Sie brachten die Moderne nach Iserlohn …
… gewissermaßen. Zeitgleich stolperte mein Bruder in einem Artikel über die Meiré-Brüder, die seither stark zum Erfolg beitrugen und das Level der Kommunikation auf Gucci- und Prada-Niveau hoben. Das sucht in der Sanitärbranche seinesgleichen.

Wie muss man sich das vorstellen: Die Zusammenarbeit von Dornbracht, Meire und Sieger Design?
Wir haben uns ergänzt und gepusht. Mir fehlt da natürlich die Objektivität, aber mir scheint, die Marke hat sich um die Weiterentwicklung des Bades am meisten verdient gemacht. Es geht um Gesunderhaltung durch Wasser, wir sprechen auch über Kunst. In unserem Kundenportfolio ist Dornbracht in dieser Hinsicht einmalig, bereit, neue Wege zu gehen, auch wenn es sich nicht abzeichnet, dass etwas gleich ein Umsatzrenner wird. Inzwischen ist Andreas Dornbracht fast genauso präzise wie wir und lässt für einen Millimeter oder zwei schon mal einen neuen Prototyp bauen.

MEM Refinement.
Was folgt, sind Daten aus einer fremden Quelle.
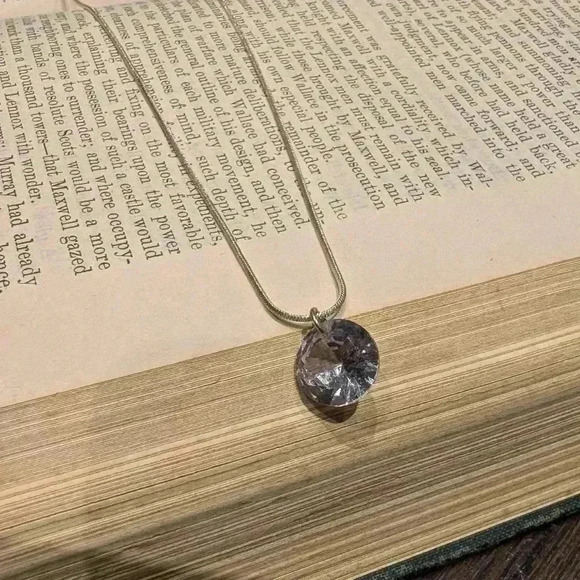 Joe fresh necklace silvertone with  clear gemstones - Picture 6 of 9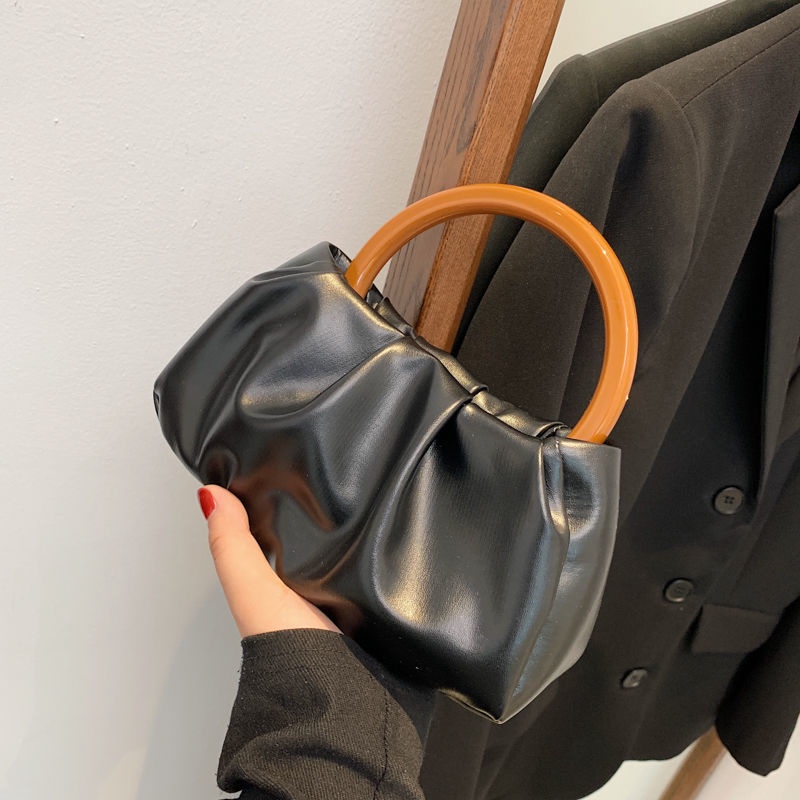 Túi xách hình dáng đám mây nhỏ có nếp gấp tay cầm gỗ thời trang mới 2022 cho nữ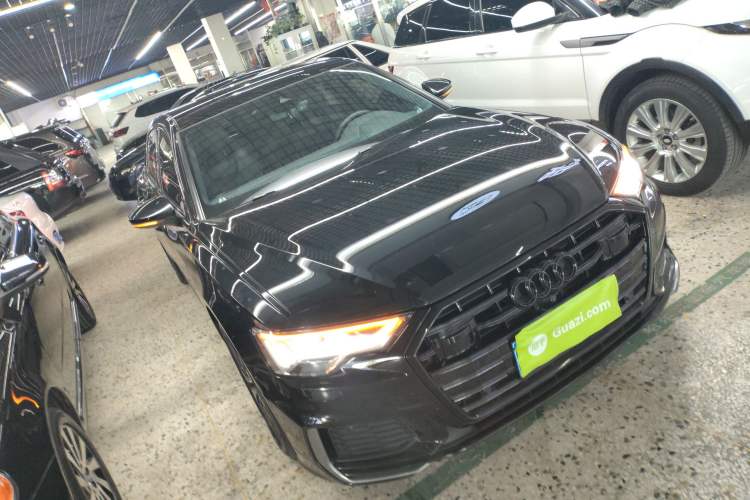 Used Audi A6L 2022 45 TFSI quattro Prestige Dynamic Edition Front Right 45 Deg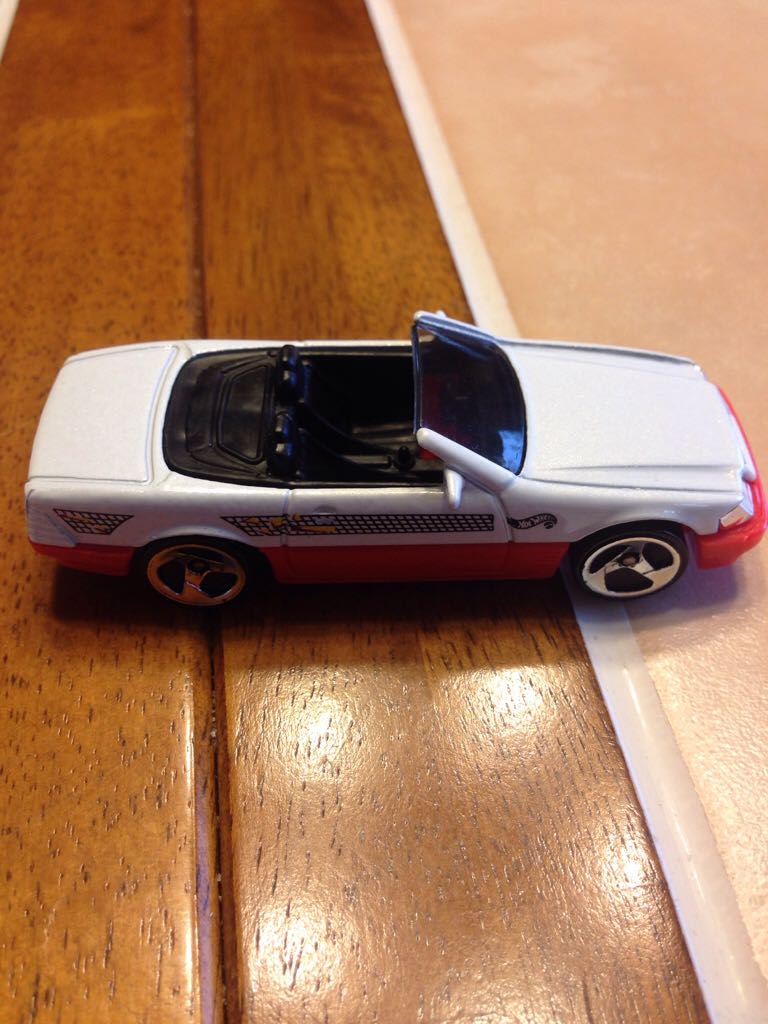 *Mercedes-Benz SL, White & Red, Hot Wheels California Dreamin’ - Super Show Car toy car collectible - Main Image 1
Copyright: Dornbracht

Und der Wettbewerb?
Der hat natürlich entsprechend nachgezogen, wie in allen Branchen. Heute gibt es Dutzende Anbieter für saubere Armaturen. Wir haben aber den Anspruch, dass sich unsere gemeinsamen Produkte in den Proportionen, der Verarbeitung und den Details nochmals unterscheiden. In social media sieht man, wo die Produkte eingebaut werden, es gibt Beispiele, die die Kataloge zwangsläufig auch mal übertreffen, das sind von Architekten geplante, kreative Bäder.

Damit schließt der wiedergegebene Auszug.